Requirement
Print the data verbatim. Leave every image out.

Information shown
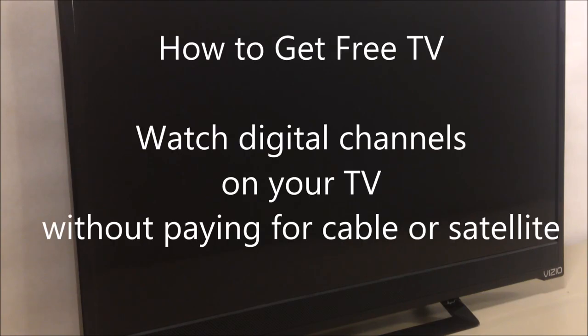Hi, welcome to our channel all about home electronics. In this video, we'll show you how to get free TV.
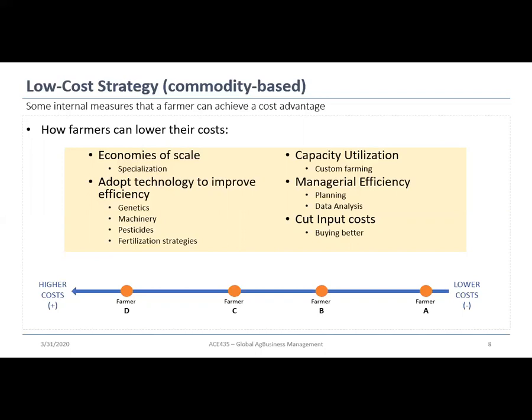Capacity utilization is another measure — think about your machinery and equipment. You can decrease or share fixed costs through custom farming for other farms. Managerial efficiency also matters: better planning leads to better results and lower costs over time. You can deploy data analysis to make better decisions, and you can try to cut input costs — either by buying better or utilizing inputs more efficiently.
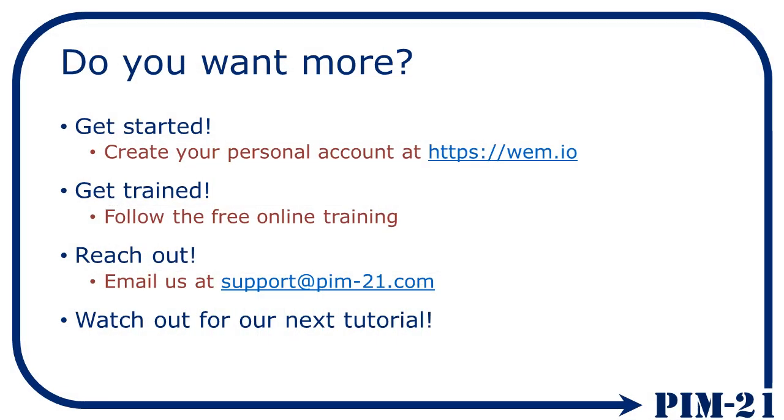This concludes our introduction to WEM tutorial. If you like what you saw, try it out yourself. On the WEM.io website, you can create an account for free and start developing immediately. After logging in, in the training section of the WEM dashboard, you can find an online WEM essentials training. This will give you a kickstart. For any further questions you can contact us at support at PIM21.com. Your question might even end up in one of the new tutorials.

Written response
Hi, welcome to our channel all about home electronics. In this video, we'll show you how to get free TV.
Capacity utilization is another measure — think about your machinery and equipment. You can decrease or share fixed costs through custom farming for other farms. Managerial efficiency also matters: better planning leads to better results and lower costs over time. You can deploy data analysis to make better decisions, and you can try to cut input costs — either by buying better or utilizing inputs more efficiently.
This concludes our introduction to WEM tutorial. If you like what you saw, try it out yourself. On the WEM.io website, you can create an account for free and start developing immediately. After logging in, in the training section of the WEM dashboard, you can find an online WEM essentials training. This will give you a kickstart. For any further questions you can contact us at support at PIM21.com. Your question might even end up in one of the new tutorials.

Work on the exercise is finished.